Omit the pictures and return exactly the stretch of the material below from the line with "2013 Bowman Sterling" through the line with "Brass Spring Check".

-------- Records to process

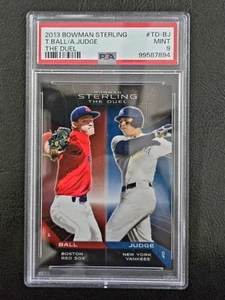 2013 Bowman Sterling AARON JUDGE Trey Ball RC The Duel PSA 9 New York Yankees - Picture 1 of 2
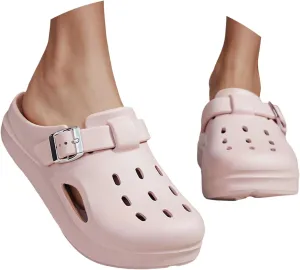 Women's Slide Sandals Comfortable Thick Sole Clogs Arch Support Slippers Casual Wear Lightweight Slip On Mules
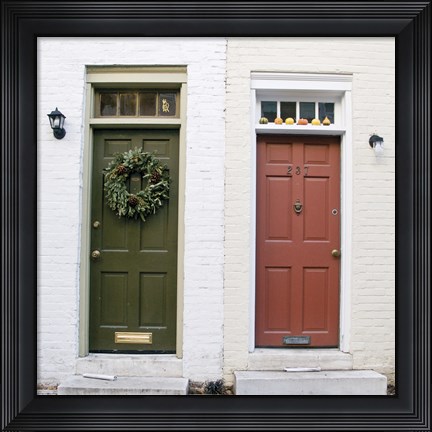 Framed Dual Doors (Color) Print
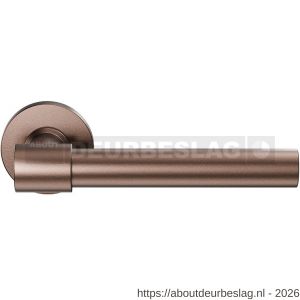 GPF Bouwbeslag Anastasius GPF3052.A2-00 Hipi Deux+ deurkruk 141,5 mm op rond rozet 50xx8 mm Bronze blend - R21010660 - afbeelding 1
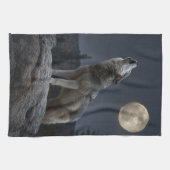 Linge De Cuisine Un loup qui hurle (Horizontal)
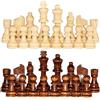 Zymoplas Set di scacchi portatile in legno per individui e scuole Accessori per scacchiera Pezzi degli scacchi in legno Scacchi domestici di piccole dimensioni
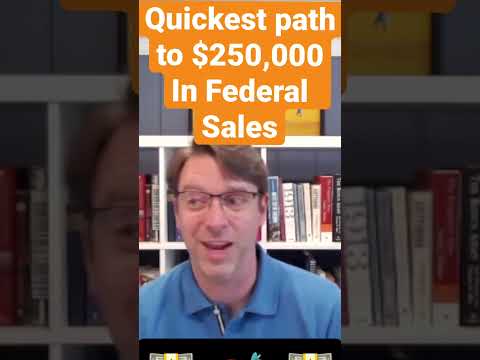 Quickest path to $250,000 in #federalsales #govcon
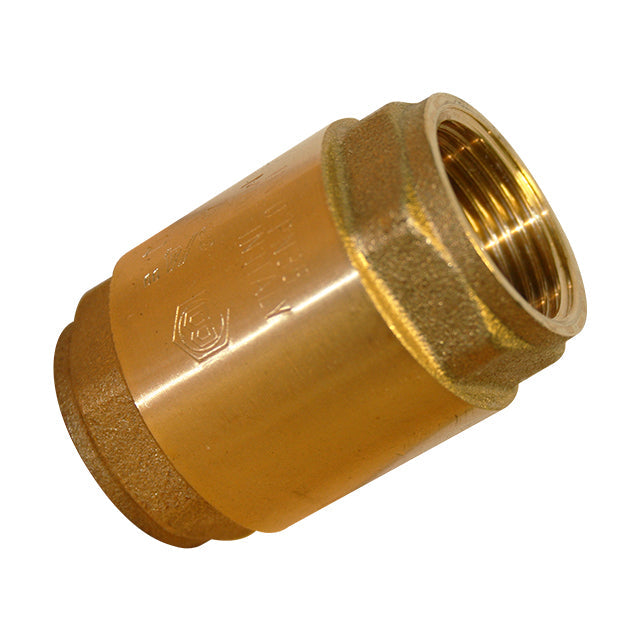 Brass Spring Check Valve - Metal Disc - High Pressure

----------------
-------- Records to process

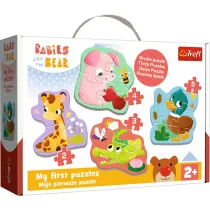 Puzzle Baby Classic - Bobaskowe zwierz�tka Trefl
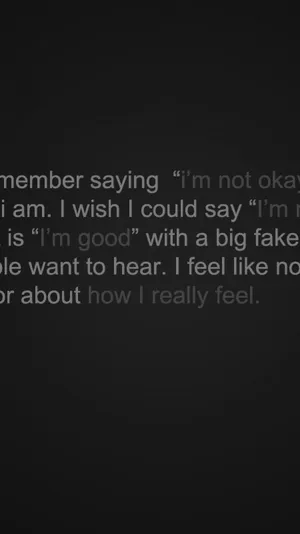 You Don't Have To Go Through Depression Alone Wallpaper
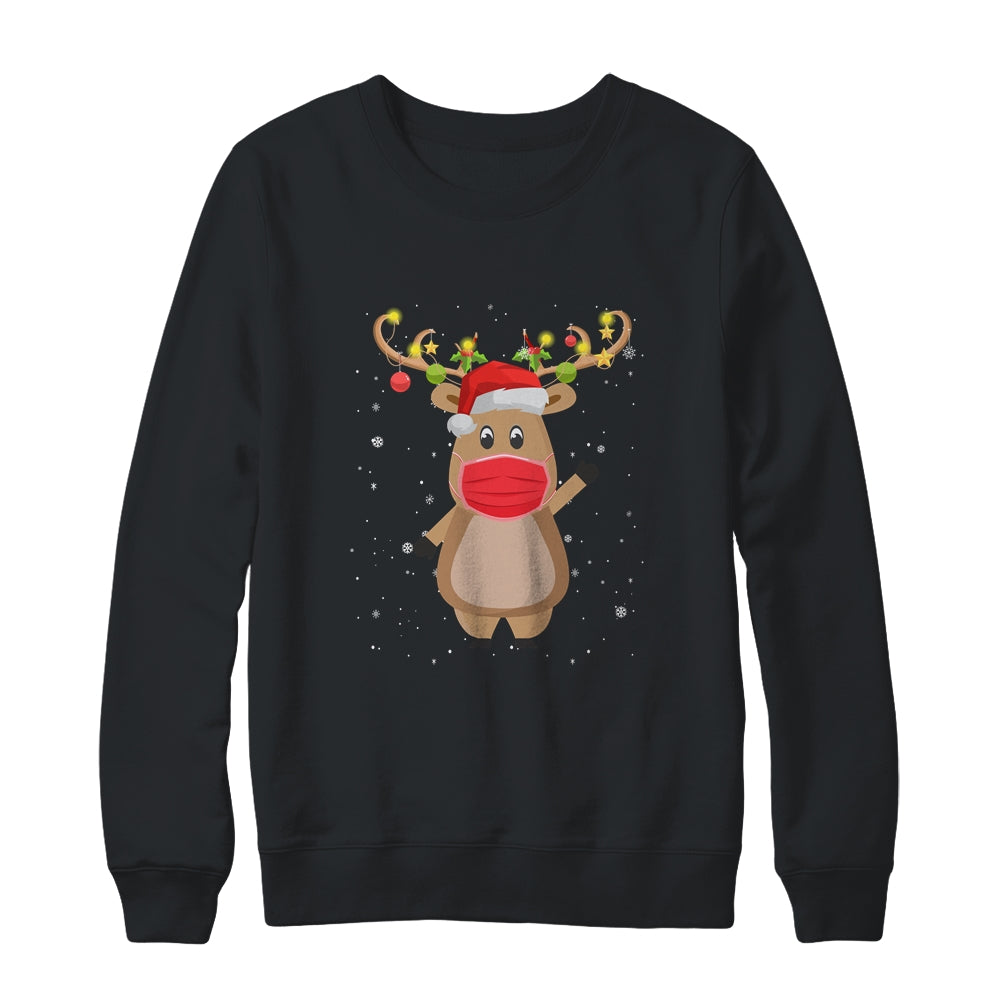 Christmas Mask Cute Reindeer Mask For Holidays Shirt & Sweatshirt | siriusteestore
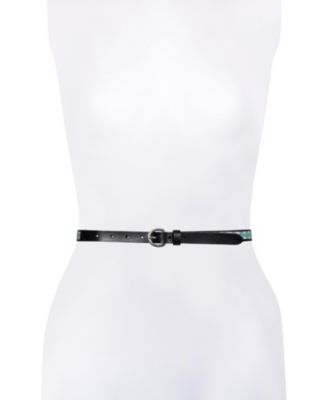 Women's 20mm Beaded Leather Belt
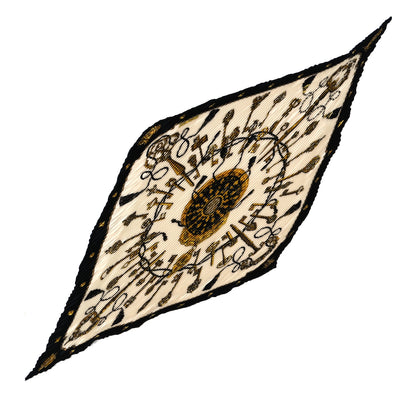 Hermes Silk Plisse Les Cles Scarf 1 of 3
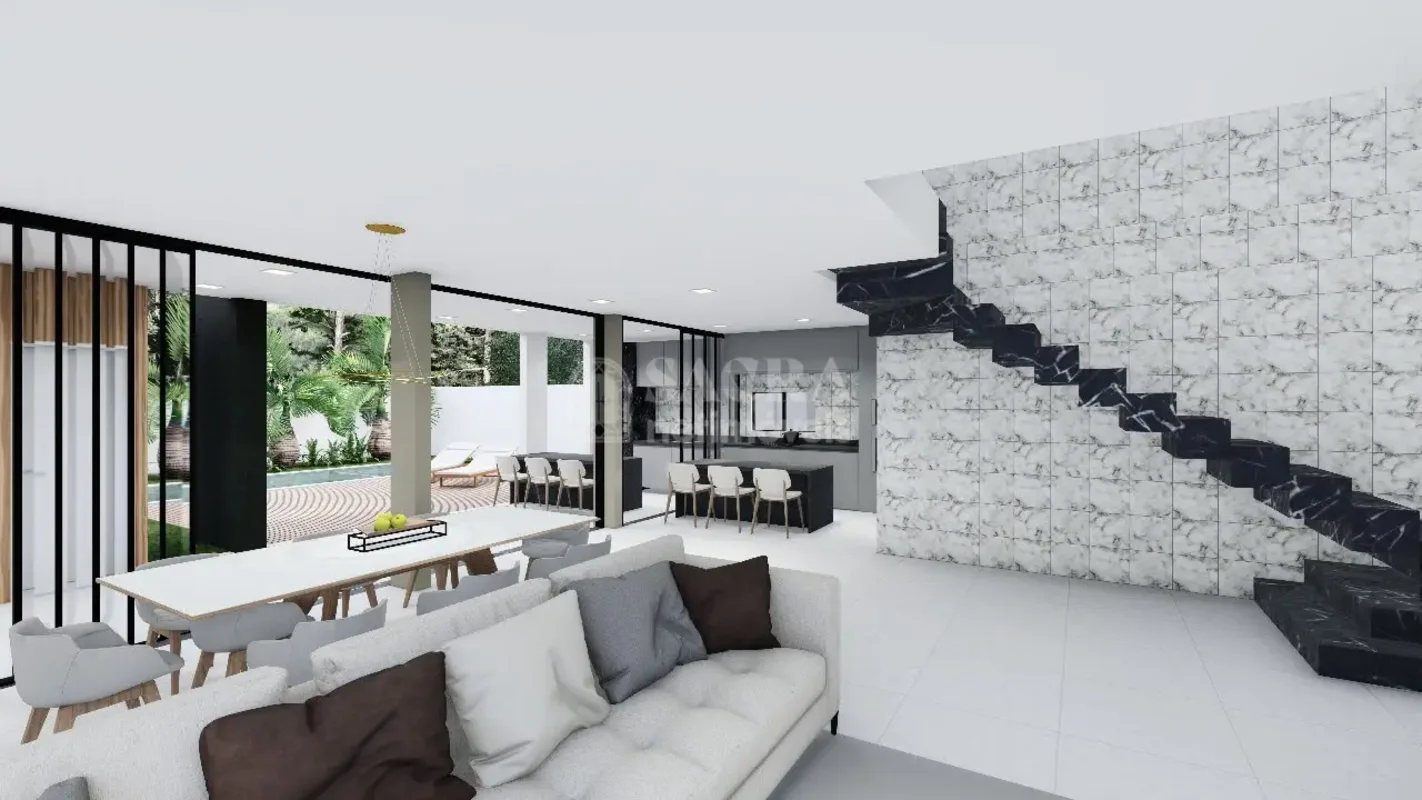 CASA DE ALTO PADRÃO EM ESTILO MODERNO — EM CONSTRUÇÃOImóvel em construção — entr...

----------------
-------- Records to process

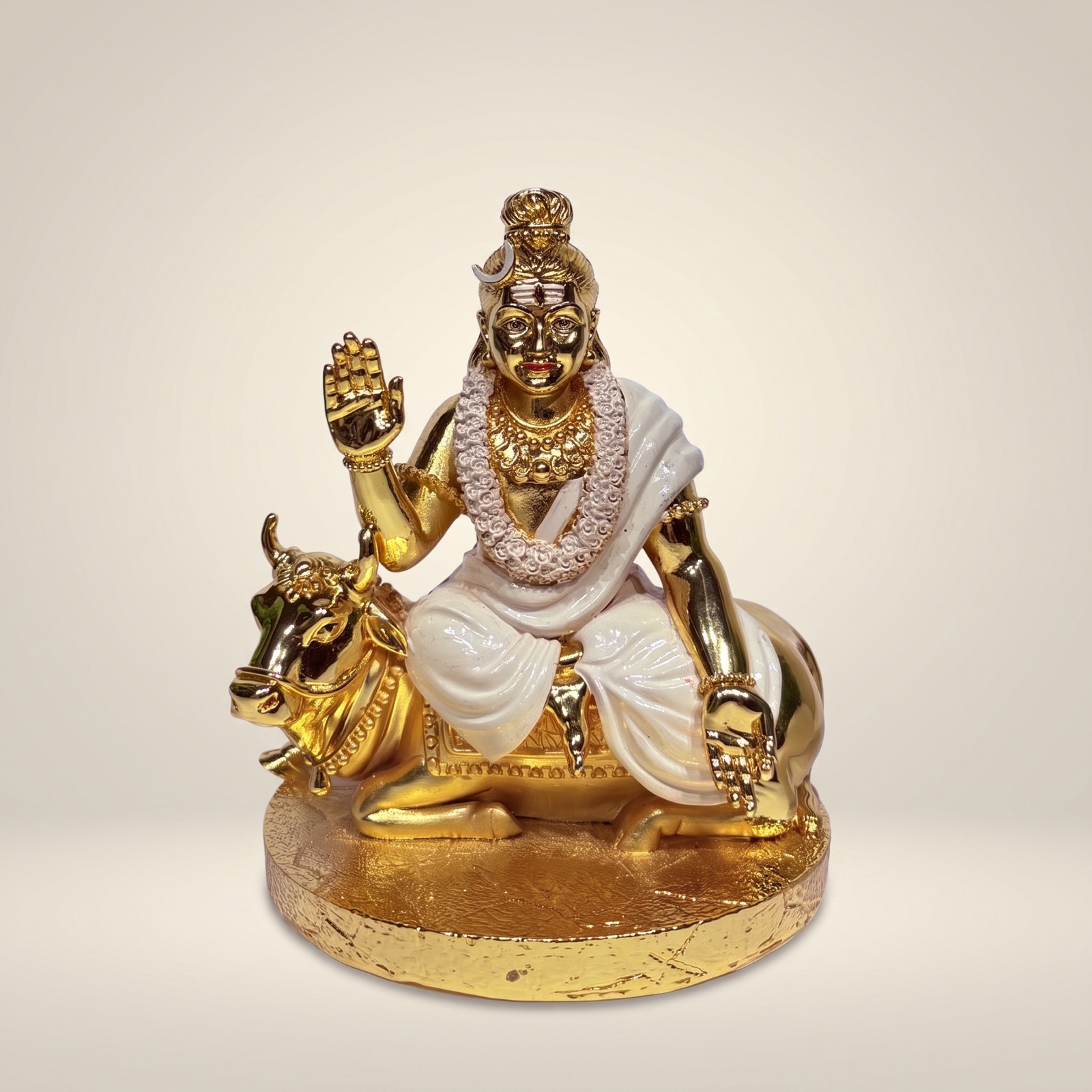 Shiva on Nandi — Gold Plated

----------------

*Completed exercise:*
 2013 Bowman Sterling AARON JUDGE Trey Ball RC The Duel PSA 9 New York Yankees - Picture 1 of 2
 Women's Slide Sandals Comfortable Thick Sole Clogs Arch Support Slippers Casual Wear Lightweight Slip On Mules
 Framed Dual Doors (Color) Print
 GPF Bouwbeslag Anastasius GPF3052.A2-00 Hipi Deux+ deurkruk 141,5 mm op rond rozet 50xx8 mm Bronze blend - R21010660 - afbeelding 1
 Linge De Cuisine Un loup qui hurle (Horizontal)
 Zymoplas Set di scacchi portatile in legno per individui e scuole Accessori per scacchiera Pezzi degli scacchi in legno Scacchi domestici di piccole dimensioni
 Quickest path to $250,000 in #federalsales #govcon
 Brass Spring Check Valve - Metal Disc - High Pressure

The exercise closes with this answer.